Take the material below and restate it word for word, stopping after the line in which "Tillandsia kunsthanger, H: 75 cm" occurs.

Data provided:
____

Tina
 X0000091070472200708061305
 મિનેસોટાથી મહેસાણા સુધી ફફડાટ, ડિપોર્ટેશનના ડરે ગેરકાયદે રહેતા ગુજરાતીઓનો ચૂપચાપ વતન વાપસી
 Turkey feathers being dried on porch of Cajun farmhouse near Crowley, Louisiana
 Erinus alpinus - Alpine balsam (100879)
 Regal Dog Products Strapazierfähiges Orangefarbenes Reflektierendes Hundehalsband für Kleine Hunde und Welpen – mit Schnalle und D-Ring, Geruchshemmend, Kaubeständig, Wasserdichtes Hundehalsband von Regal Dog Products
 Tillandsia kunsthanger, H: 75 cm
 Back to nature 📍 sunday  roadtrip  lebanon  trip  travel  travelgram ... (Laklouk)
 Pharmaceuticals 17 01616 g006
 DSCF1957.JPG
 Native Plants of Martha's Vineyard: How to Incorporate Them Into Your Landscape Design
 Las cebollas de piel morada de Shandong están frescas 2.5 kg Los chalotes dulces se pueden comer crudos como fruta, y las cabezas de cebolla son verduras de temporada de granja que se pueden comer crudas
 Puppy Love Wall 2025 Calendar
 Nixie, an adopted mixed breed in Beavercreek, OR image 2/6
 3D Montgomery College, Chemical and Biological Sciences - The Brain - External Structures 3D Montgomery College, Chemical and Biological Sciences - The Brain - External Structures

____

Your solution:
Tina
 X0000091070472200708061305
 મિનેસોટાથી મહેસાણા સુધી ફફડાટ, ડિપોર્ટેશનના ડરે ગેરકાયદે રહેતા ગુજરાતીઓનો ચૂપચાપ વતન વાપસી
 Turkey feathers being dried on porch of Cajun farmhouse near Crowley, Louisiana
 Erinus alpinus - Alpine balsam (100879)
 Regal Dog Products Strapazierfähiges Orangefarbenes Reflektierendes Hundehalsband für Kleine Hunde und Welpen – mit Schnalle und D-Ring, Geruchshemmend, Kaubeständig, Wasserdichtes Hundehalsband von Regal Dog Products
 Tillandsia kunsthanger, H: 75 cm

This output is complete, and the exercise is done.